America's story has always been best told in its newspapers. From the local and mundane-crime blotters, crop prices, and Sunday sermons-to the Federalist Papers and Watergate, the press has played an outsized role in our nation's culture and history. Newspapers in America have always been the crucible where our passions and debates are tried by the only judge this nation respects: public opinion.
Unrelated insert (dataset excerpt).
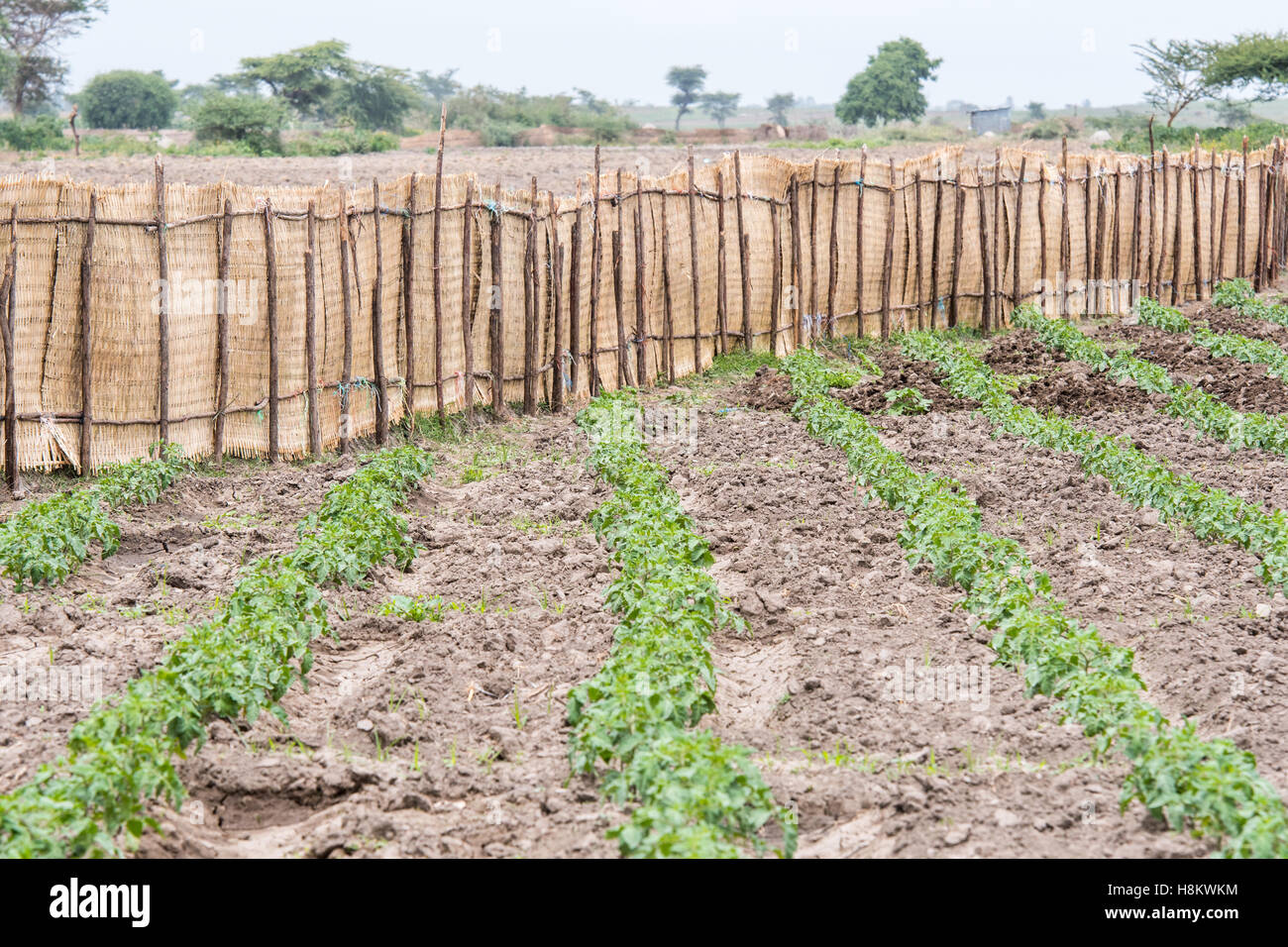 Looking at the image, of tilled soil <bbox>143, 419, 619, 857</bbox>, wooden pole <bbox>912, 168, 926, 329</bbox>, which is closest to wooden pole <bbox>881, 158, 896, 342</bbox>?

At a time of great transition in the news media, Deadline Artists celebrates the relevance of the newspaper column through the simple power of excellent writing. It is an inspiration for a new generation of writers--whether their medium is print or digital-looking to learn from the best of their predecessors.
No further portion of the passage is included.